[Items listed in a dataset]
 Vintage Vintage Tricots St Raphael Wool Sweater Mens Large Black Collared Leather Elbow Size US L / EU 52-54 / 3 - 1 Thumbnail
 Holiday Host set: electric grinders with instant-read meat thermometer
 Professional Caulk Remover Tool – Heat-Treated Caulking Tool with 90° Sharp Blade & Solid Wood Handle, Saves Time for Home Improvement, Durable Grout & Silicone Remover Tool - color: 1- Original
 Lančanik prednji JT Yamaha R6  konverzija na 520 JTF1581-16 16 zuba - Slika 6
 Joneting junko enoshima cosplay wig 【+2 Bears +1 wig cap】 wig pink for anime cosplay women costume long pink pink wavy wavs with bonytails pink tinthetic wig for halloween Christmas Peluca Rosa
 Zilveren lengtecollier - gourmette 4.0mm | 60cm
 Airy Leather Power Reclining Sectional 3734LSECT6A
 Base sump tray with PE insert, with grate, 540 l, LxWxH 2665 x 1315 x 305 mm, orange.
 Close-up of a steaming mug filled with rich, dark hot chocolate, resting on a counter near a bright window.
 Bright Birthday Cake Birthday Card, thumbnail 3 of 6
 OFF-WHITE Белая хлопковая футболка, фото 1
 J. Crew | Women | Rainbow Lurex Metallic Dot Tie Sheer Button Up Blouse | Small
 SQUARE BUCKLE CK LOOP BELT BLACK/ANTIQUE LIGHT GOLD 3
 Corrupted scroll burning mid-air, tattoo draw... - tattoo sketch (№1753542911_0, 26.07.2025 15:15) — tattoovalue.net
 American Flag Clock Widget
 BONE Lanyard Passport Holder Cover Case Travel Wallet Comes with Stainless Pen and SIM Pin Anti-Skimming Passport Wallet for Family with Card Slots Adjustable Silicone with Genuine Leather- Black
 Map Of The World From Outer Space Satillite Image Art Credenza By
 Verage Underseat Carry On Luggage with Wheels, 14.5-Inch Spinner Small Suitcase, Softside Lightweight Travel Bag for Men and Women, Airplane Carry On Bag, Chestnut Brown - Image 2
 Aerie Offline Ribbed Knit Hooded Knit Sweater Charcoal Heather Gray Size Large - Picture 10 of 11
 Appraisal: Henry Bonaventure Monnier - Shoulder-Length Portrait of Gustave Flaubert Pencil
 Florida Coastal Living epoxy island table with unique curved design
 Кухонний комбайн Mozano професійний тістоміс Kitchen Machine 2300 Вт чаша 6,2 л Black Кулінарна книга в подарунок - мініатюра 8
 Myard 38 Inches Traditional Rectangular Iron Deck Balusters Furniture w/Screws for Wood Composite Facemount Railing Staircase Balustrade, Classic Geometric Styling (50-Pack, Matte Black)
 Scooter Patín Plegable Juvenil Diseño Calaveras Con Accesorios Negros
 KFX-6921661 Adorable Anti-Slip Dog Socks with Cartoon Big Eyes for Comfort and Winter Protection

Exercise directions: In the data above, find the line with "Airy Leather Power" and the line with "Close-up of a". Retype both, plus every line between them, exactly.

Solved exercise:
 Airy Leather Power Reclining Sectional 3734LSECT6A
 Base sump tray with PE insert, with grate, 540 l, LxWxH 2665 x 1315 x 305 mm, orange.
 Close-up of a steaming mug filled with rich, dark hot chocolate, resting on a counter near a bright window.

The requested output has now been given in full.